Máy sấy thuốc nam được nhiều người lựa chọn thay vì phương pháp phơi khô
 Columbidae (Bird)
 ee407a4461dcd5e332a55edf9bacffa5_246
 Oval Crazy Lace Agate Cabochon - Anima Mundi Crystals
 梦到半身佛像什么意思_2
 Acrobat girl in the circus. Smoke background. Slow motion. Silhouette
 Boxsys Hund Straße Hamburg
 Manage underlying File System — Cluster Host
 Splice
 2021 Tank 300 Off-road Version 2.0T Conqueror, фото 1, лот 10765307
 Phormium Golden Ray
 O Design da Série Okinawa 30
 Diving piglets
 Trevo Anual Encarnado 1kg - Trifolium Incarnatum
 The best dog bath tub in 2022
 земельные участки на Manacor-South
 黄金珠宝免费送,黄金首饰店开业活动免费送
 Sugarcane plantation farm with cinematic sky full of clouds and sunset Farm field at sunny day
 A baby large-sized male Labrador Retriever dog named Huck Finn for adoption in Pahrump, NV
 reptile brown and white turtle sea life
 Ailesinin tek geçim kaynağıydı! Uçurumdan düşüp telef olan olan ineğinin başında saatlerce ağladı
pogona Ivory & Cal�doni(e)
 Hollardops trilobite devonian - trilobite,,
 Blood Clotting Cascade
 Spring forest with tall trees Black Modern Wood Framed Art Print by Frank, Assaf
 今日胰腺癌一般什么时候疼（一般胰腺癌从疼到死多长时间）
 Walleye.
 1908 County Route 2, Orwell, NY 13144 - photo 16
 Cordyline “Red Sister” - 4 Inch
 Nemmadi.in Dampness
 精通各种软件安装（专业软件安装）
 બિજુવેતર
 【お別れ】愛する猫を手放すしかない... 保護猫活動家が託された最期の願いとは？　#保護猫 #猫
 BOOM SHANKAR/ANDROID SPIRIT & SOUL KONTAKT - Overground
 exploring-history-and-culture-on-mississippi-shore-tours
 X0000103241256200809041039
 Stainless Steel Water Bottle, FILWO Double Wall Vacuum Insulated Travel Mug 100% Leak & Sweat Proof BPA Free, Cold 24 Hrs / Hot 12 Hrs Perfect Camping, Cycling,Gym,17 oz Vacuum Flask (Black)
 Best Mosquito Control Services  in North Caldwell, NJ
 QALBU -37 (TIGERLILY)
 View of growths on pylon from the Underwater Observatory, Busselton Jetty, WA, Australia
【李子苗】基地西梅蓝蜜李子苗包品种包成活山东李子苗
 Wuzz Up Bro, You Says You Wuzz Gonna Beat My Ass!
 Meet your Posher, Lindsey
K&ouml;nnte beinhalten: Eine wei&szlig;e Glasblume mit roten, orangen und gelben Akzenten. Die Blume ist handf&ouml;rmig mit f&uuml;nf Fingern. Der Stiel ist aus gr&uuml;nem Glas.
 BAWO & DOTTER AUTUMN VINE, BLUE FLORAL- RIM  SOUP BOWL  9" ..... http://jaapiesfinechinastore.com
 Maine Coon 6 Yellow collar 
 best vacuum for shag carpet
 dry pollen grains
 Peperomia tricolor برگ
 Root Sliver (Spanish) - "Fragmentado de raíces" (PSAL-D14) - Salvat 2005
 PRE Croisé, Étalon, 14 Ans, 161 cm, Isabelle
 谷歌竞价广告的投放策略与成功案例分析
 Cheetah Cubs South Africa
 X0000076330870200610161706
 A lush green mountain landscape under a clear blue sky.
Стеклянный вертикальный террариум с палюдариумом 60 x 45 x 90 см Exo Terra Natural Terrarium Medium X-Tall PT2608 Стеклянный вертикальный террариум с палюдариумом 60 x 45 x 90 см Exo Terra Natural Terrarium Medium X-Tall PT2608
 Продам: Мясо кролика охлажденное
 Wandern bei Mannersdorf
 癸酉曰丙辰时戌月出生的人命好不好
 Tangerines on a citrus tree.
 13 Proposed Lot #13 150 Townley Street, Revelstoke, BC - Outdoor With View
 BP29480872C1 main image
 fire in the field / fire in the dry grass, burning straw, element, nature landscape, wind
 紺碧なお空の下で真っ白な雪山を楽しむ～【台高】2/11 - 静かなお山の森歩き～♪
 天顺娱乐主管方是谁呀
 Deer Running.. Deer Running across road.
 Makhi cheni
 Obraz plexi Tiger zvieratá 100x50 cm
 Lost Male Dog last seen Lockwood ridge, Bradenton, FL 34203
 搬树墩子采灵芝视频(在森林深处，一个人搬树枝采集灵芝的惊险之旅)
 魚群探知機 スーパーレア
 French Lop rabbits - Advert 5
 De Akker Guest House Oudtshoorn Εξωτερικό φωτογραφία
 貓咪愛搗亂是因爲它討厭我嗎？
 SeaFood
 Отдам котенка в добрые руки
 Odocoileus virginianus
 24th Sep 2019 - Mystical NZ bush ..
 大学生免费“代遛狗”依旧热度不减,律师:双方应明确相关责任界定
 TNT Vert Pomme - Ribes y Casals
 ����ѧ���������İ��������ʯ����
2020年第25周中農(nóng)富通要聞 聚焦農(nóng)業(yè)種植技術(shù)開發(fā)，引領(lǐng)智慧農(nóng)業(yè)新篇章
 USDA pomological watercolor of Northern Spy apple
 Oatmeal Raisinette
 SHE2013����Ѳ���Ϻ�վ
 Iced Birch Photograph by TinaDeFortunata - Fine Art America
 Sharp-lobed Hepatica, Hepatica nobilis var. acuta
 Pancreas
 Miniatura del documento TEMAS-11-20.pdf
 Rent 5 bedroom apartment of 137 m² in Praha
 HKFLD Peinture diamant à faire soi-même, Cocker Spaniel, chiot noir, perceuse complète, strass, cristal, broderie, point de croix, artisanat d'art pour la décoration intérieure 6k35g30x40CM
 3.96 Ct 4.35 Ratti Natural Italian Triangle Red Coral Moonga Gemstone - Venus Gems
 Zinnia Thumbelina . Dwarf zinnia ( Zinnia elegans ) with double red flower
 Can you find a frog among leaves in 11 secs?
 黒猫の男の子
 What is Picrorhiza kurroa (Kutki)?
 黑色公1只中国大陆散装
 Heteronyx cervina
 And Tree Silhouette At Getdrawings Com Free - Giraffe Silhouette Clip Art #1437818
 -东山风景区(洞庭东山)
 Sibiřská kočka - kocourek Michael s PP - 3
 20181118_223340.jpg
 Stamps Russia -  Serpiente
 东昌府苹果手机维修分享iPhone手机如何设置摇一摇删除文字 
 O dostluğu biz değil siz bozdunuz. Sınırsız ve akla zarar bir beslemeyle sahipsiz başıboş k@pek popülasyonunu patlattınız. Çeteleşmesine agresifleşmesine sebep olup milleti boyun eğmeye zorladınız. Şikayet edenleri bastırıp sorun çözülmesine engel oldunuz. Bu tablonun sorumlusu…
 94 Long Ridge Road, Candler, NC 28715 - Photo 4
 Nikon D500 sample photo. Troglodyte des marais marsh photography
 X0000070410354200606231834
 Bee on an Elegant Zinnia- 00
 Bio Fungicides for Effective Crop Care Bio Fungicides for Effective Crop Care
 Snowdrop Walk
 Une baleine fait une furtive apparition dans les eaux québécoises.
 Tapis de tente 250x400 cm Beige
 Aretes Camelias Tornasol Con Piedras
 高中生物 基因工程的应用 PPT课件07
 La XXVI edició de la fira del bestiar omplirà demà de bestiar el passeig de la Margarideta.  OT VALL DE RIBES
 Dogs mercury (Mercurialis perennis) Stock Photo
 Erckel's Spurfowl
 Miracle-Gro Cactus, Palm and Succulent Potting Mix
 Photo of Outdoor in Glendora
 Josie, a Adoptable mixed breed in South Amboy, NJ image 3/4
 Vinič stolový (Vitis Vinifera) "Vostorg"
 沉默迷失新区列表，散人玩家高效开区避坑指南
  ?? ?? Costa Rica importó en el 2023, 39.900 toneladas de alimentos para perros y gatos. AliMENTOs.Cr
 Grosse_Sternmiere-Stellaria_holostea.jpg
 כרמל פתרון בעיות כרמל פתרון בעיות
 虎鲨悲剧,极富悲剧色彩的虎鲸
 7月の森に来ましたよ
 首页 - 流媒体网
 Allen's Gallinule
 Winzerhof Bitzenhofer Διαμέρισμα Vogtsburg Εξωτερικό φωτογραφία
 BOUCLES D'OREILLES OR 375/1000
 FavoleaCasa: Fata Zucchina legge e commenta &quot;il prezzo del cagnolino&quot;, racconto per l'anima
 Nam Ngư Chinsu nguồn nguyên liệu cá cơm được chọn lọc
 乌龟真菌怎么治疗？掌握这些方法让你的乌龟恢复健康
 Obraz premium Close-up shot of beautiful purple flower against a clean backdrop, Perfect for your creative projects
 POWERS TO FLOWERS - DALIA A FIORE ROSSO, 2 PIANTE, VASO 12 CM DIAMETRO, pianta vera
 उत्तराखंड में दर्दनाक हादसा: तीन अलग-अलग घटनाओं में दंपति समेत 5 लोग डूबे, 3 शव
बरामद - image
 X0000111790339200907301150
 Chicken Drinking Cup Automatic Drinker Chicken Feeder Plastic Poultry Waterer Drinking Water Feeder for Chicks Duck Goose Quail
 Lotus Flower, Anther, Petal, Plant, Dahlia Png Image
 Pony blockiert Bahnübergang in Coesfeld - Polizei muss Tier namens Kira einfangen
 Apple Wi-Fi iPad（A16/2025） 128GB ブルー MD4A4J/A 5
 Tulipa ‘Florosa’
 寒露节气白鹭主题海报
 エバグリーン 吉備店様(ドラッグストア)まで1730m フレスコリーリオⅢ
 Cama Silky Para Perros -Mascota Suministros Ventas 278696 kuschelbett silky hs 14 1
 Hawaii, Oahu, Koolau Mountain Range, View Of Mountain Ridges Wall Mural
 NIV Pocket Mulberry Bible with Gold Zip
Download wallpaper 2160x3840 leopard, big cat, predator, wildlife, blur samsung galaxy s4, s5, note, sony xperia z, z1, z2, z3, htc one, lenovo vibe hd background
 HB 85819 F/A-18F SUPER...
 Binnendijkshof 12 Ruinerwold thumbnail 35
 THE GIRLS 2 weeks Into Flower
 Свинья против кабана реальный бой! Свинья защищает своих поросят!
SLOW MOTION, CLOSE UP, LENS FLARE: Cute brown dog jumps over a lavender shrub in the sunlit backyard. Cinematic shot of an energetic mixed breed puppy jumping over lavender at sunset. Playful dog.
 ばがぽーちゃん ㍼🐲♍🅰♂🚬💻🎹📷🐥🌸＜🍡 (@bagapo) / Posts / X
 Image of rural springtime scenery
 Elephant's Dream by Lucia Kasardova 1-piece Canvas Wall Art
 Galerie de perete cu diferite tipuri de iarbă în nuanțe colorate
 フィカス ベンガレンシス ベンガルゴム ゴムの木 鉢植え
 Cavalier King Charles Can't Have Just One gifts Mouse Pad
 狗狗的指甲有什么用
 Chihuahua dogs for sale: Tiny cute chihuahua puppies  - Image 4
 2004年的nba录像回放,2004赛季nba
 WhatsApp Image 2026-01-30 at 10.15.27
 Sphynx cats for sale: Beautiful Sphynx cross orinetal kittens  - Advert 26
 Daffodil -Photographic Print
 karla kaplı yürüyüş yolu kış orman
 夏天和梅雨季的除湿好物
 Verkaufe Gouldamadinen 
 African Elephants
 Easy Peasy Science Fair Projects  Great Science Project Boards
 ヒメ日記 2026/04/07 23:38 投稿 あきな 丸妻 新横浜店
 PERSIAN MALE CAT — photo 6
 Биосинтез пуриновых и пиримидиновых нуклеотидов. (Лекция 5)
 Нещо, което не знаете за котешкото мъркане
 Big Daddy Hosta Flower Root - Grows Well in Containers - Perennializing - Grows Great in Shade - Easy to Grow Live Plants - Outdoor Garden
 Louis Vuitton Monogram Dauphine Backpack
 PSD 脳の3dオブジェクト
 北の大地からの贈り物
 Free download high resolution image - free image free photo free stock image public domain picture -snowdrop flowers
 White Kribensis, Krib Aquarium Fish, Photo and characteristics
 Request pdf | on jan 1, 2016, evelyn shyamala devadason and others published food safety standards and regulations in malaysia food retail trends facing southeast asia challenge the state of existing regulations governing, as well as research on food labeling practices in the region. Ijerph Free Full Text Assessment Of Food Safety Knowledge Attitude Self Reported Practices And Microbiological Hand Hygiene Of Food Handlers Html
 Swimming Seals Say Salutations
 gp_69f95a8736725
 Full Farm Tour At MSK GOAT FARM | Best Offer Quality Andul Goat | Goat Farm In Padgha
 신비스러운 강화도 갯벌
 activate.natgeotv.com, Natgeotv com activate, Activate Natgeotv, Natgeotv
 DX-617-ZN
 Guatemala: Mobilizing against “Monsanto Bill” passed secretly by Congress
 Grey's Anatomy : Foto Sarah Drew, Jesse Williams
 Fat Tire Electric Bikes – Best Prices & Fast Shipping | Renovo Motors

**********

→ **Your assignment**:
In the listing above, start at the line with "高中生物 基因工程的应用 PPT课件07", go on through the line with "沉默迷失新区列表，散人玩家高效开区避坑指南", and copy each of those lines exactly; leave out all the rest.

→ **Exercise output**:
 高中生物 基因工程的应用 PPT课件07
 La XXVI edició de la fira del bestiar omplirà demà de bestiar el passeig de la Margarideta.  OT VALL DE RIBES
 Dogs mercury (Mercurialis perennis) Stock Photo
 Erckel's Spurfowl
 Miracle-Gro Cactus, Palm and Succulent Potting Mix
 Photo of Outdoor in Glendora
 Josie, a Adoptable mixed breed in South Amboy, NJ image 3/4
 Vinič stolový (Vitis Vinifera) "Vostorg"
 沉默迷失新区列表，散人玩家高效开区避坑指南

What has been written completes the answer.